Lectures: 3 sessions / week, 1 hour / session

Recitations: 1 session / week, 1 hour / session


18.02 Multivariable Calculus


This course is an introduction to discrete applied mathematics. The topics presented are generally grouped into units covering between one and two weeks. These units include probability, counting, linear programming, number-theoretic algorithms, sorting, data compression, and error-correcting codes.


There is no textbook; a full set of lecture notes is provided.


This is a CI-M (Communication Intensive in the Major) course, and thus teaches students to write mathematics. This component will take the form of writing assignments in homework problems; one of them will be a relatively long (several pages) term paper whose writing will take several iterations spread between mid October and the end of the Fall term.

The homework assignments (the problem sets and writing assignments) must all be submitted electronically (the only exceptions are the pre-recitation assignments, see the recitation section below). Carefully read the instructions on each problem set. Homework will generally be due one week after it is assignment.
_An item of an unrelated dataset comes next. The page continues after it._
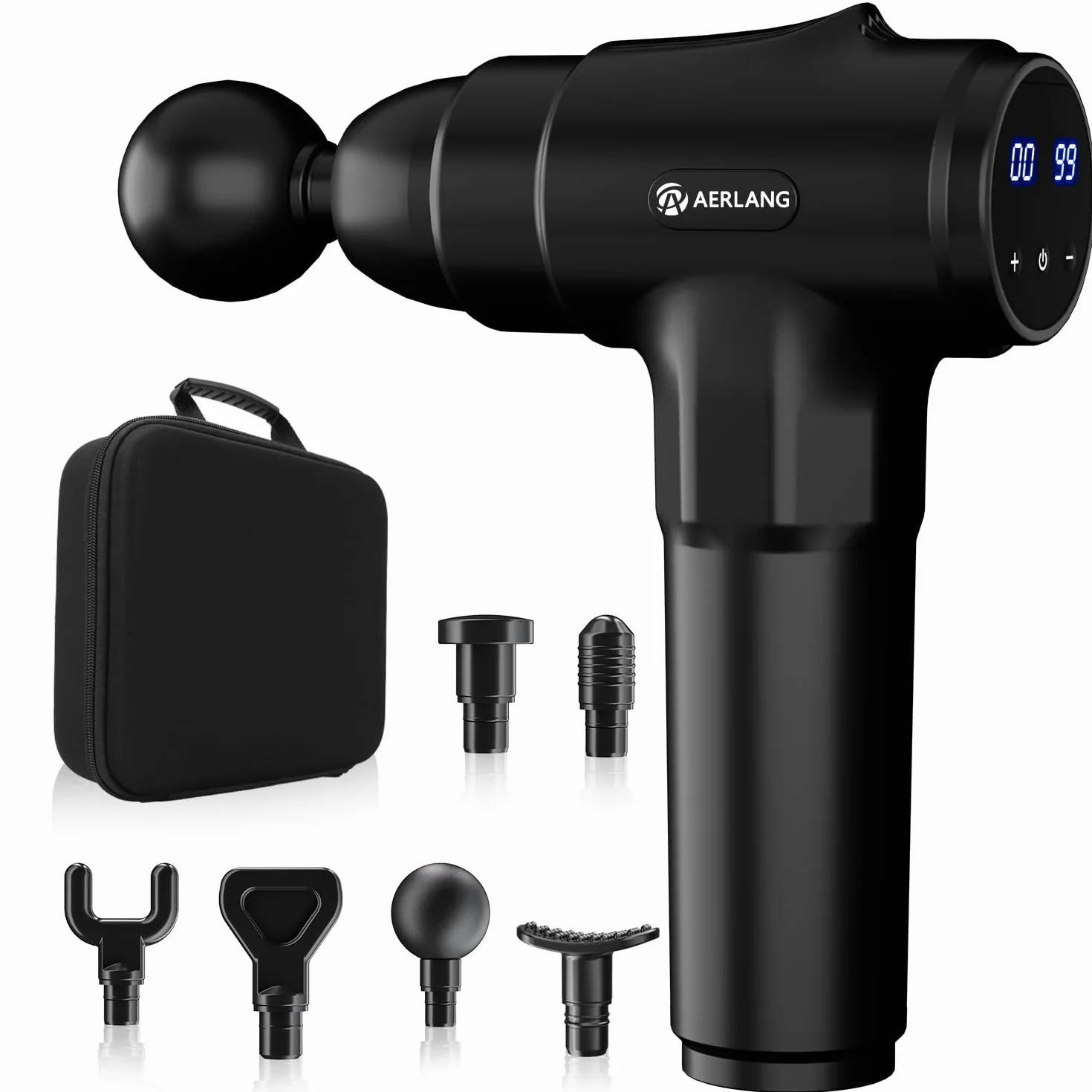 Pistola de masaje muscular profesional 7 cabezas LED 20 velocidades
Writing assignments submitted electronically must be word processed (see the section below on LaTeX and other word processing programs), and should be submitted in PDF format. Hand-drawn figures are permitted (for some problems, figures may be quite useful). You may draw your figures on the printed output and scan it in, or scan in your figures and include them in your document. If you do the rest of your problem sets by hand, you must write them legibly and scan them in with enough resolution for them to be easily legible. If they are barely legible, we may ask you to resubmit them.

There will also be 3 quizzes throughout the term.

Collaboration Policy

Collaboration on homework is permitted, but you first need to think about the problems on your own and you must write the solutions yourself; no copying is permitted. For the writing assignments, you may seek feedback from classmates and others, but the writing must be your own. You must list the names of your collaborators on your submitted homework, or list you had none. We ask that you not refer to solutions from previous incarnations of the course, or from solution banks.
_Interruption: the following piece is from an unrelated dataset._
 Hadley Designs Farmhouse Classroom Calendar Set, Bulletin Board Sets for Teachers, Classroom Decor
There is a 1-hour weekly recitation in which we will both discuss communication and further explain the course material, especially as it relates to communication. Attendance in this recitation is mandatory. You may miss one recitation unexcused without penalty. A second unexcused absence will result in a reduction in your grade and a warning; if you miss any recitations without an excuse after the warning, you will fail the class.

For some of the recitations, there will be a pre-recitation assignment. These will be due in recitation and should not be submitted electronically.

LaTeX / Word Processing

LaTeX is a document preparation system which is very good at handling mathematical equations, and which has become a standard in several fields, including mathematics, physics, and computer science. If you are planning to go into one of these fields, we encourage you to learn it, and we will provide resources to help you do so.
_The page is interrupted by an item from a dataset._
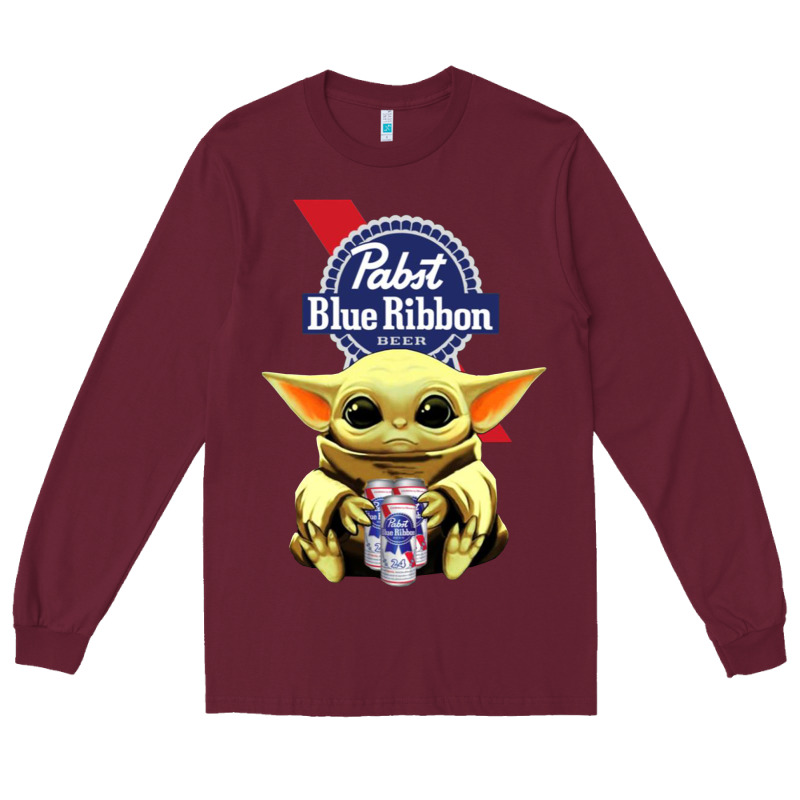 Baby Yoda Hugs Pabst Blue Ribbon Beer Long Sleeve Tee by artisFamous | Teevron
There are other scientific fields for which LaTeX is not the standard, and if you are in one of these majors, there is not really any need for you to learn it. In this case, feel free to use Microsoft® Word or another word processing system for your writing assignments and term paper. We do encourage you to figure out how to do equations properly in Word. Without any extra add-on's, the way Microsoft® Word handles equations is really quite cumbersome, but there is software available that fixes this. Unfortunately, we don't have any recommendations because we use LaTeX. But, remember, in all cases, you must save the file as a PDF before submitting it electronically.


The grade will be made up of problem sets and writing assignments (55%), and three quizzes (15% each). The homework will include writing assignments, some of which will have to be revised after we give comments on them. Depending on their length, the writing assignments in the homework may be weighted more heavily than the rest of the problems.